(Beginning of MATERIALS PROVIDED)

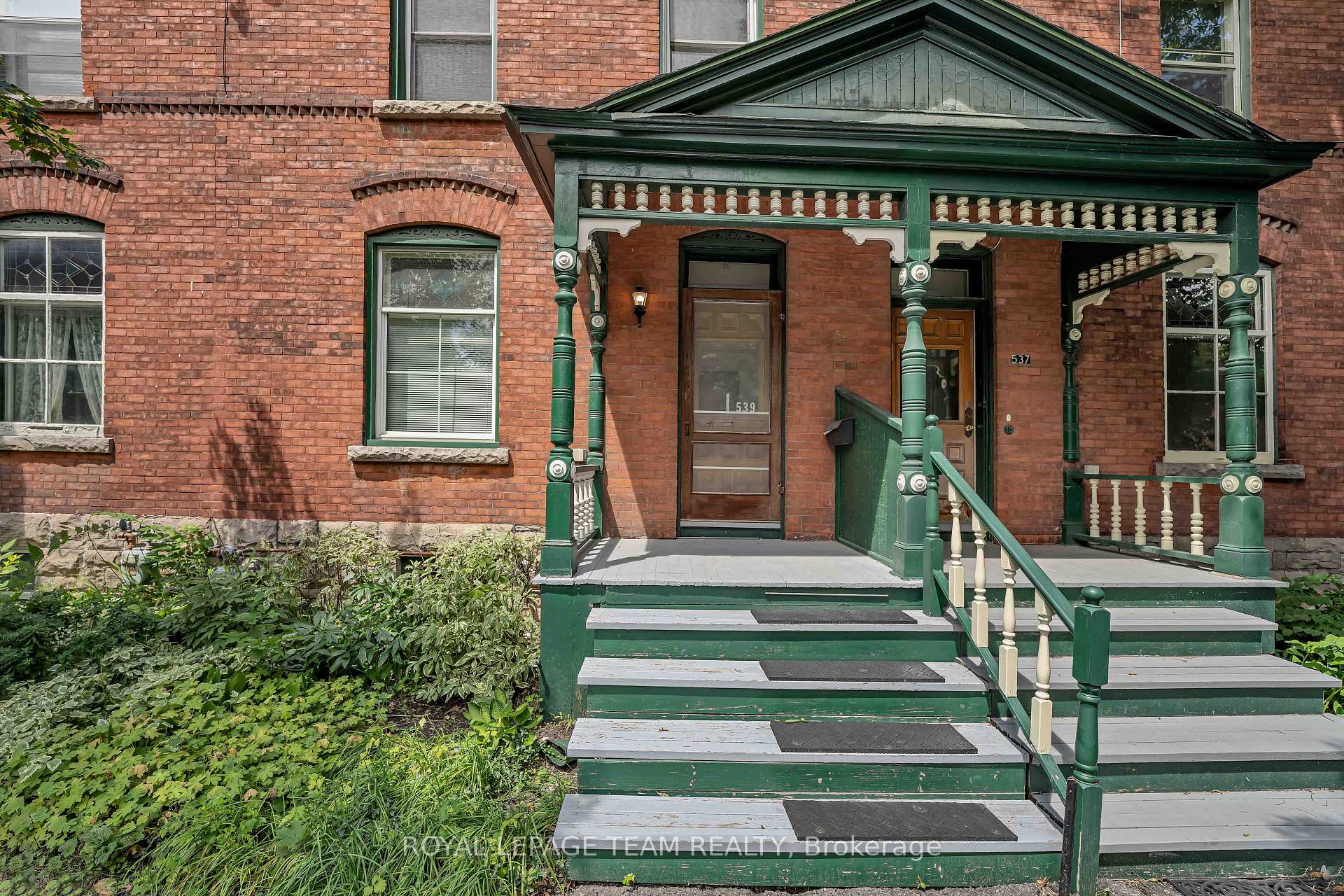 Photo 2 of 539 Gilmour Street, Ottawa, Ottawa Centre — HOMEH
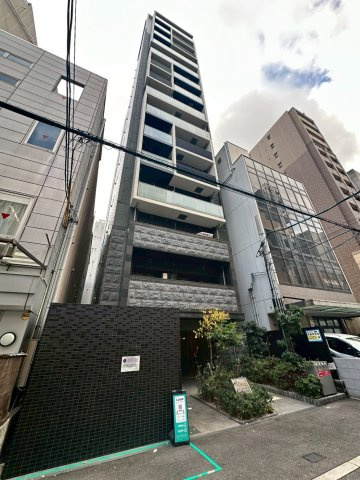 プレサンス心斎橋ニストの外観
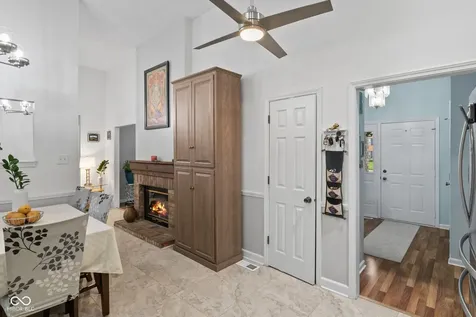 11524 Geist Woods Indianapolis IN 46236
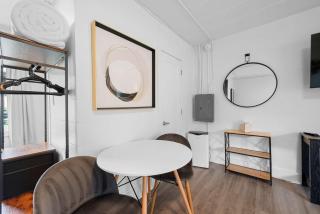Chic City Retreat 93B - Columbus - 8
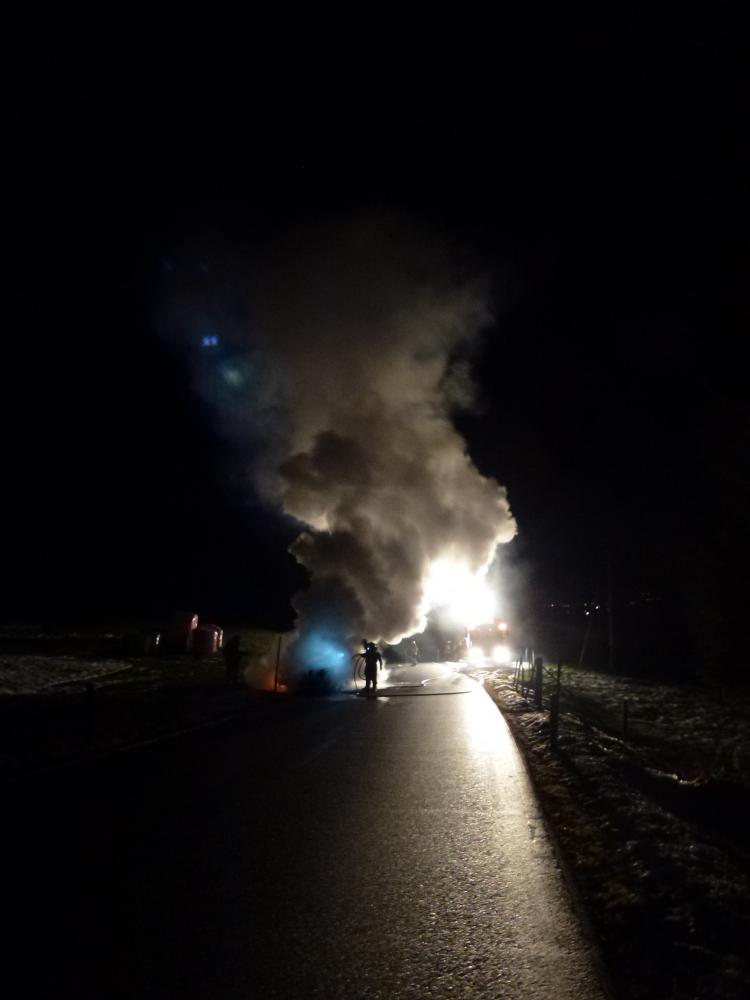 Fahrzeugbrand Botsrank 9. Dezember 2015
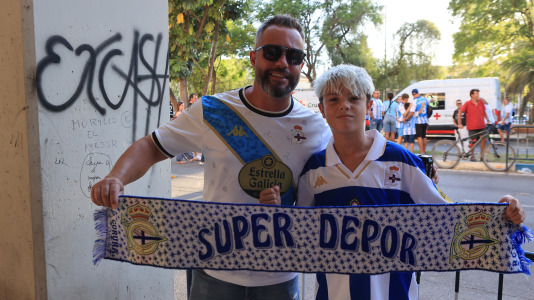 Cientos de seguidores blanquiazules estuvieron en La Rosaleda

(End of MATERIALS PROVIDED)

(TASK DETAILS):
Write out the listing above exactly, images omitted.

(EXPECTED ANSWER):
 Photo 2 of 539 Gilmour Street, Ottawa, Ottawa Centre — HOMEH
 プレサンス心斎橋ニストの外観
 11524 Geist Woods Indianapolis IN 46236
Chic City Retreat 93B - Columbus - 8
 Fahrzeugbrand Botsrank 9. Dezember 2015
 Cientos de seguidores blanquiazules estuvieron en La Rosaleda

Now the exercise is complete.